Table 11. PSNR (dB) and SSIM for proposed and [28] using ABC and GA.

	ABC Proposed		ABC [28]		GA Proposed		GA [28]
	PSNR	SSIM	PSNR	SSIM	PSNR	SSIM	PSNR	SSIM
Grayscale Image
Lena	52.32	0.9971	47.45	0.9964	53.14	0.9894	50.81	0.9825
Baboon	51.60	0.9983	50.86	0.9961	51.96	0.9984	51.02	0.9931
Lighthouse	52.92	0.9570	52.37	0.9534	53.44	0.9597	51.89	0.9532
Desert	53.09	0.9707	52.61	0.9682	53.34	0.9713	51.95	0.9647
Grain	51.54	0.9866	51.04	0.9836	51.52	0.9862	50.73	0.9806
MRI	54.07	0.9059	53.06	0.9026	54.27	0.9062	53.01	0.9029
Color Images
Koala	56.56	0.9991	49.11	0.9925	57.11	0.9993	56.02	0.999
Penguins	57.21	0.999	51.51	0.9998	57.66	0.999	56.02	0.9982
Tulips	61.37	1	48.18	0.9997	61.50	1	59.98	0.9999
Tiffany	59.22	0.9978	58.09	0.9977	57.46	0.9978	58.04	0.9977
Splash	58.12	0.9977	56.08	0.9976	58.14	0.9976	56.04	0.9976
Skin	57.81	0.9999	56.83	0.9998	58.68	0.9999	55.83	0.9998

. Here, it can be observed that, for all images, the proposed scheme has higher PSNR and SSIM than the scheme in [28] for ABC and GA. For all color images, remarkable improvement can be observed by the proposed scheme over [28] with ABC as well as GA from Table 11. Hence, it can be claimed that the proposed scheme has higher imperceptibility as compared to [28]. Robustness of the proposed scheme and the scheme in [28] with optimized scaling factor using ABC and GA is also compared and presented in

Table 12. NC and BER for the proposed scheme and [28] using ABC and GA under zero attack.

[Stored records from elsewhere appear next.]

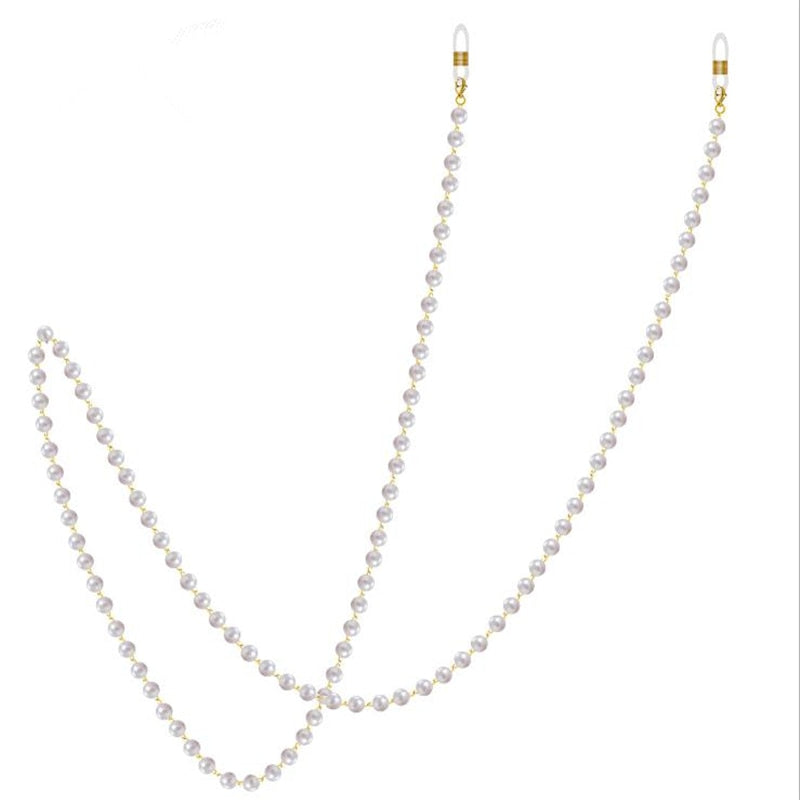 Women's fashion Pearl Bead Lanyard glass chain.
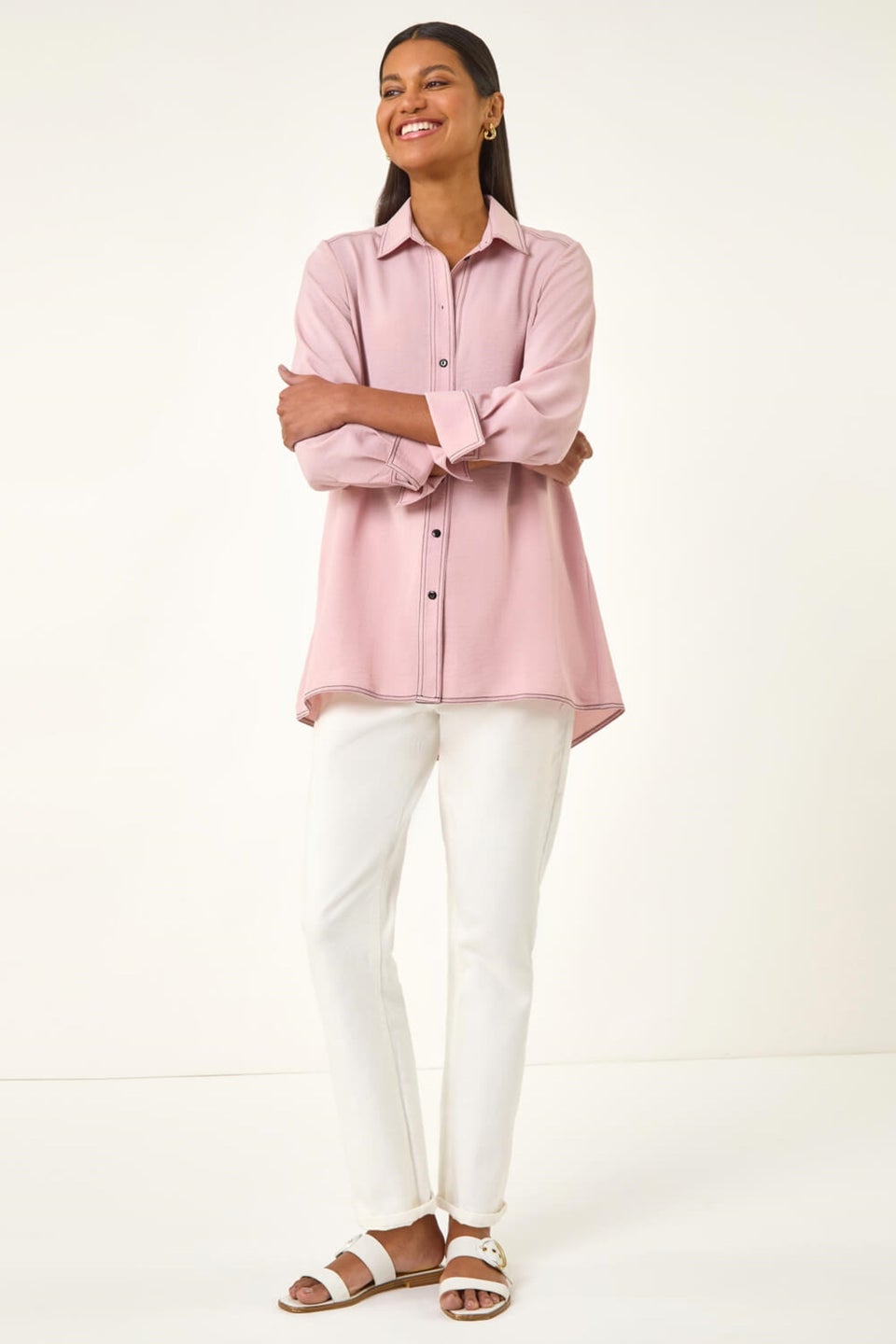 Roman Light Pink Constrast Stitch Shirt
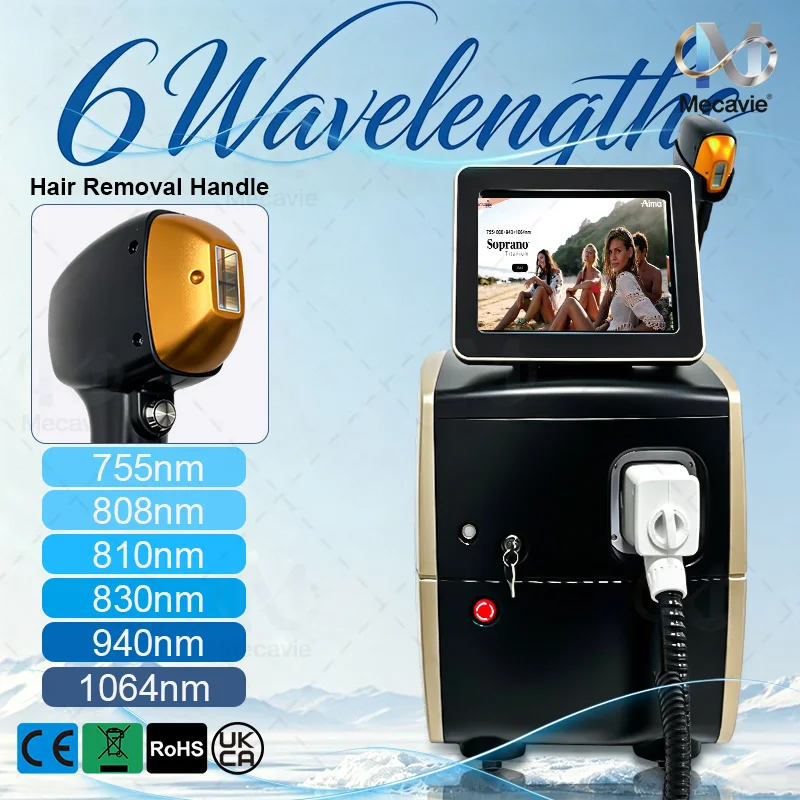 Mecavie 6 Wavelengths Diode Laser Hair Removal Machine 755-1064nm, Ice Cooling Painless Permanent Depilation, For Beauty Salon
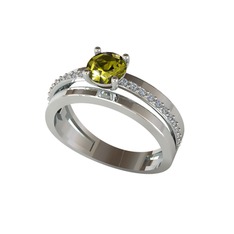 Peridot ve pırlanta 18 ayar beyaz altın yüzük (0.242 karat)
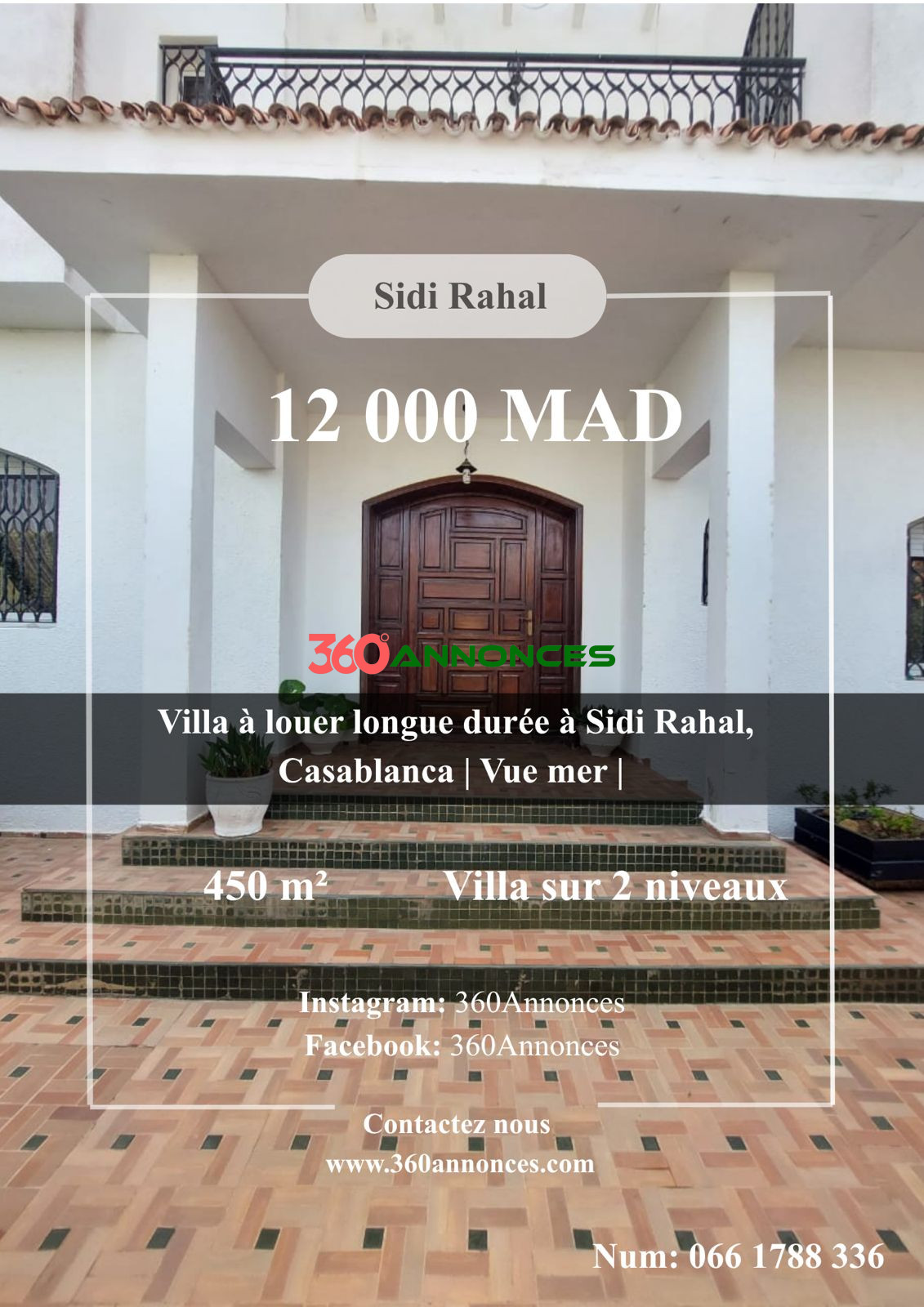 Villa for long-term rent in Sidi Rahal, Casablanca – 450 m² | Sea view | Garden 150 m² | From 12,000 DH/month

	ABC Proposed		ABC [28]		GA Proposed		GA [28]
	NC	BER	NC	BER	NC	BER	NC	BER
Grayscale Image
Lena	1	0	1	0.0004	1	0	1	0
Baboon	1	0.0004	1	0.0004	1	0	1	0
Lighthouse	1	0.0002	1	0.0002	1	0	1	0
Desert	1	0.0002	1	0	1	0	1	0
Grain	1	0	1	0	1	0	1	0
MRI	1	0	1	0	1	0	1	0
Color Images
Koala	0.9996	0.0004	0.9991	0.0019	0.9999	0	0.9977	0.0019
Penguins	0.9997	0.0004	0.9980	0.0017	1	0.0004	0.9991	0.0008
Tulips	1	0	0.9981	0.0009	1	0.0002	0.9961	0.0042
Tiffany	0.9998	0.0004	0.9903	0.0096	0.9997	0.0002	0.991	0.0351
Splash	0.9997	0	0.9896	0.0094	0.9995	0	0.9903	0.0093
Skin	0.9996	0	0.9950	0.0032	0.9999	0	0.9963	0.0059

in terms of NC and BER under zero attack. From Table 12, it can be studied that, for grayscale images, the performance of both schemes are at par for ABC and GA. However, for the color images, the proposed scheme has a higher NC value and lower BER value than [28], indicating that the proposed scheme has higher robustness for color images. From this discussion, it can be concluded that the proposed fitness function has improved scaling factor optimization compared to [28].

5. Conclusions

The proposed hybrid IWT-SVD DIW scheme is blind, secure and adaptive. Hence, it is suitable for robust transmission of digital images in public channels. Embedding the encrypted watermark in a randomly selected position of the cover image provides high watermark security, which makes the proposed scheme suitable for applications such as scientific documents and courtroom proof transmission, military applications, fingerprinting, telecoms, etc. Adaptive generation of ISF provides higher imperceptibility and robustness. Using NIO algorithms for ISF optimization further improves performance of watermarking characteristics. The proposed scheme is also free from FPE due to Pseudo random key and two-level adaptive embedding. The simulation results show that the proposed scheme provides higher watermarking characteristics and is able to sustain the majority of image processing attacks. Furthermore, comparative study with state-of-the-art schemes exhibits that the proposed scheme shows higher imperceptibility, robustness, security and embedding rate than state-of-the-art schemes. The fitness function proposed in the scheme is also more fitting. The proposed scheme can be used for copyright security, ownership verification, image authentication, telemedicine, military applications, transmission of scientific or courtroom documents, fingerprinting, image forensics, etc. Improving the embedding rate and robustness can be seen as future work. Hybrid optimization approaches for high exploitation and exploration for higher imperceptibility and robustness is also prospective research.